:: ACTIVITY ::
From the entries below, reproduce exactly the lines from the one with "31 DRIFTWOOD PLACE" through the one with "100% linen slim-fit", both included, without images.

######

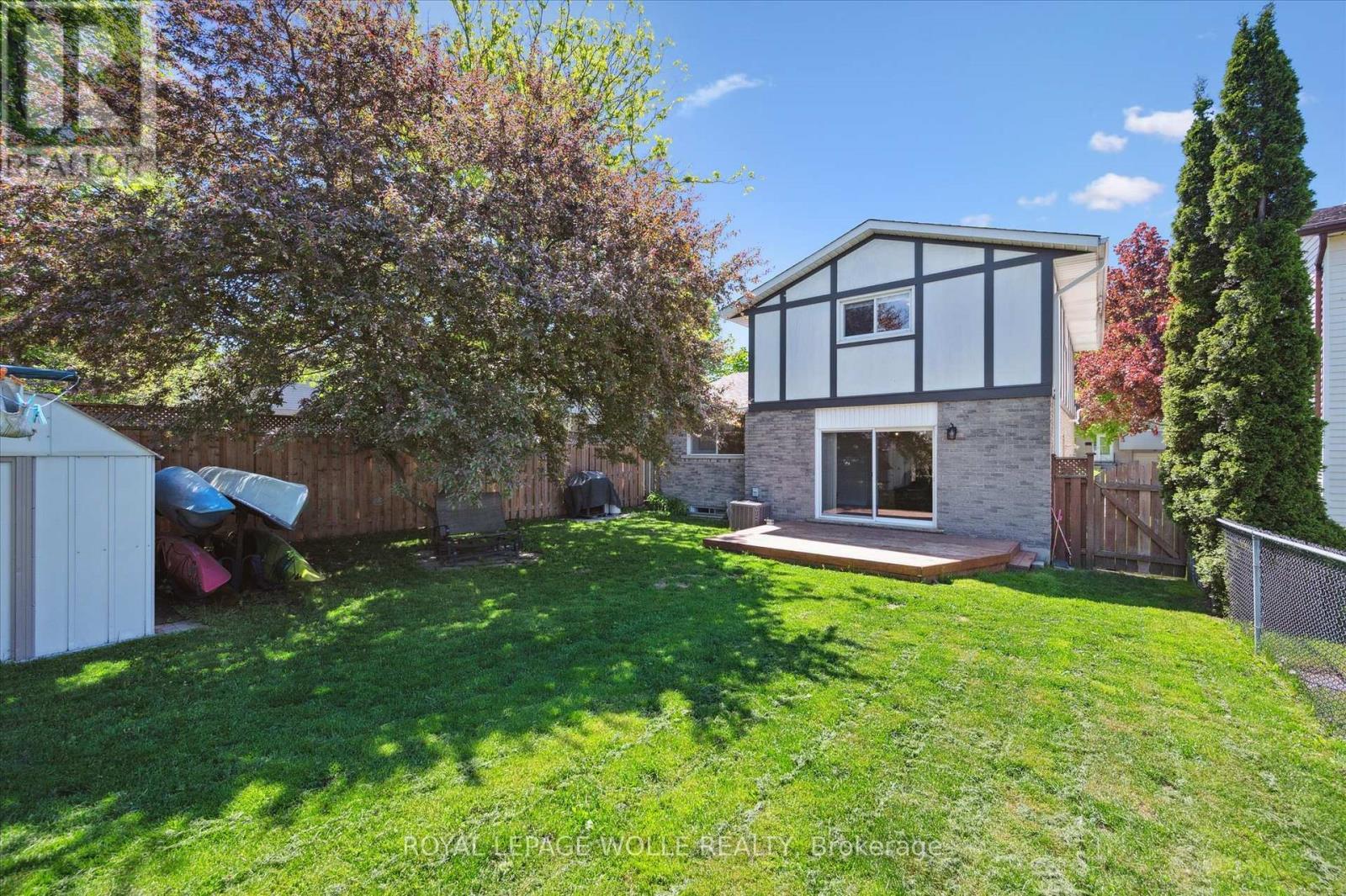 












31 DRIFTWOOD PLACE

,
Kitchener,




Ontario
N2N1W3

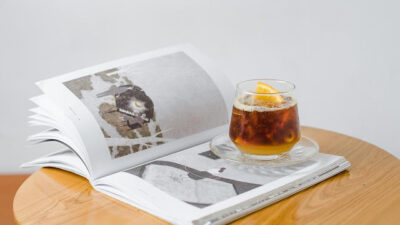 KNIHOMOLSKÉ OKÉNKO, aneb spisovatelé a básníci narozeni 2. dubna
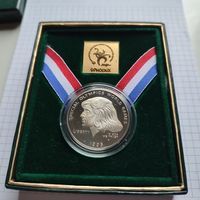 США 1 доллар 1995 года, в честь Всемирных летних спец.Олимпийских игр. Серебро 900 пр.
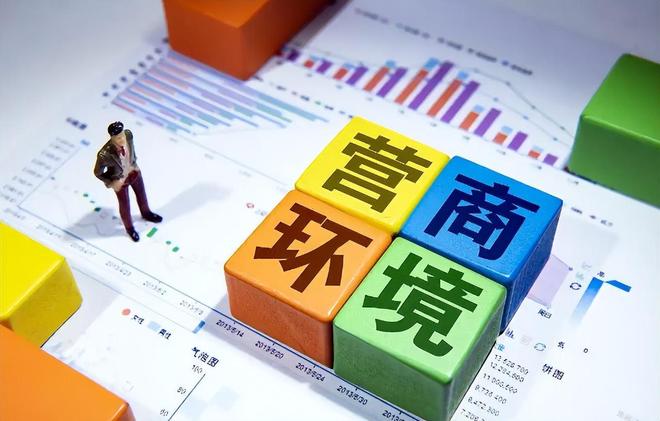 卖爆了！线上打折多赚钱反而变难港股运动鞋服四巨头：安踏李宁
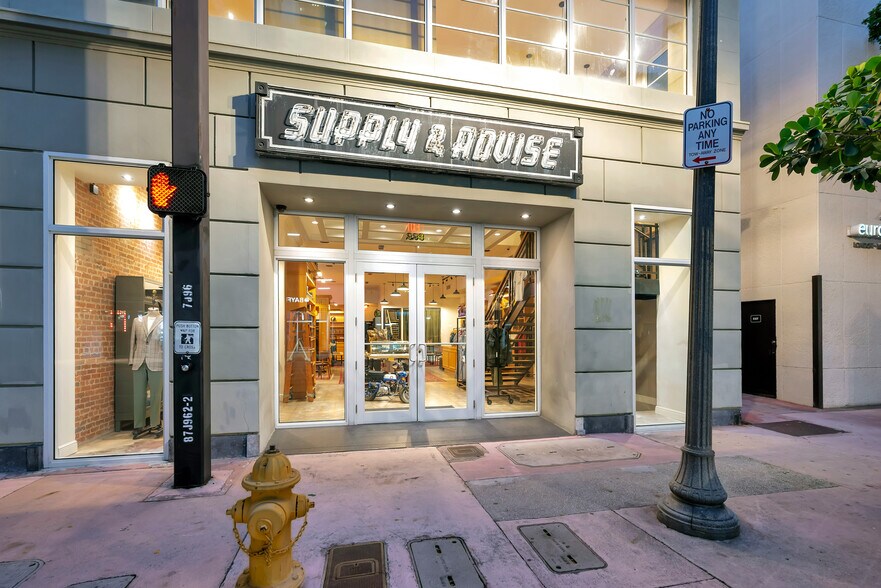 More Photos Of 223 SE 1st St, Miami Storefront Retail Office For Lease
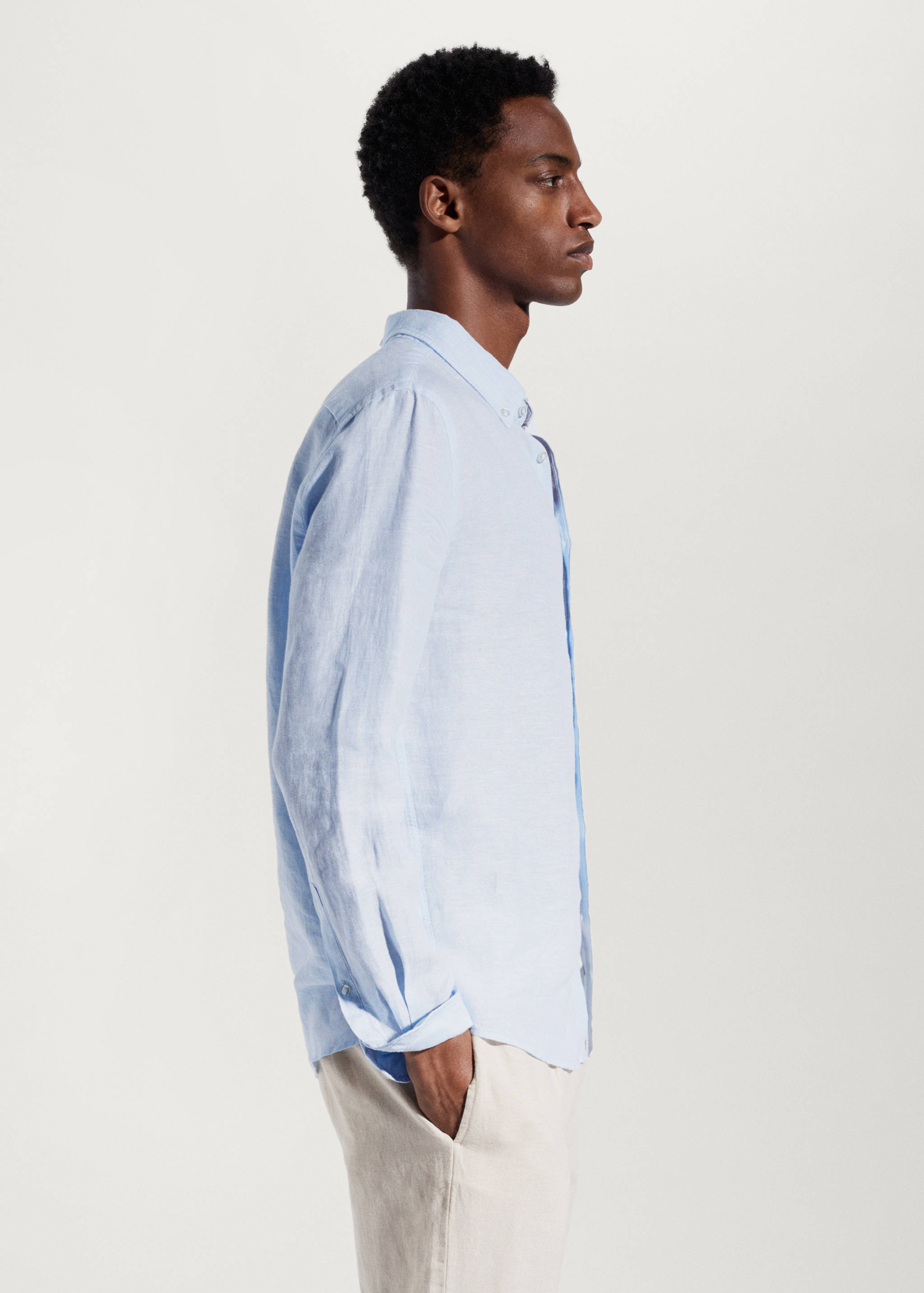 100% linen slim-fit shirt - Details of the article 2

######

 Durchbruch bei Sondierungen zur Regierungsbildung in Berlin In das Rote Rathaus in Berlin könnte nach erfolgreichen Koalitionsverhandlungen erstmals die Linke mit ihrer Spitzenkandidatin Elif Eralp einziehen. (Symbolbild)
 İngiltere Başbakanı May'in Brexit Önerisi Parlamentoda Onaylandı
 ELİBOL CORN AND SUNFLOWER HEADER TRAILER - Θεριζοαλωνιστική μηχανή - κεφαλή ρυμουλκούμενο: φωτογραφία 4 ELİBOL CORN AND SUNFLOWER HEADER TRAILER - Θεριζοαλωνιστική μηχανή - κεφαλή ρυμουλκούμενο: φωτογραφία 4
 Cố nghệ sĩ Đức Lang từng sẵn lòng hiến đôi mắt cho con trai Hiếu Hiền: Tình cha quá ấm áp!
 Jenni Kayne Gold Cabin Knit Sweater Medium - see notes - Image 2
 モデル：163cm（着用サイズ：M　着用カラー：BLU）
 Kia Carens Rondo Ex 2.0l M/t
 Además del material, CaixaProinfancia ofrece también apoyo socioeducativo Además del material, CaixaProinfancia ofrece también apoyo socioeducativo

######

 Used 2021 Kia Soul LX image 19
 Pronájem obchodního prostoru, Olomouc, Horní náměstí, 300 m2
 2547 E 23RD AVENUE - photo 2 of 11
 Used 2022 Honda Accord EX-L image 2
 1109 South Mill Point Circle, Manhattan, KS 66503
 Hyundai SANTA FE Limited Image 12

######

:: RESPONSE ::
31 DRIFTWOOD PLACE

,
Kitchener,




Ontario
N2N1W3

 KNIHOMOLSKÉ OKÉNKO, aneb spisovatelé a básníci narozeni 2. dubna
 США 1 доллар 1995 года, в честь Всемирных летних спец.Олимпийских игр. Серебро 900 пр.
 卖爆了！线上打折多赚钱反而变难港股运动鞋服四巨头：安踏李宁
 More Photos Of 223 SE 1st St, Miami Storefront Retail Office For Lease
 100% linen slim-fit shirt - Details of the article 2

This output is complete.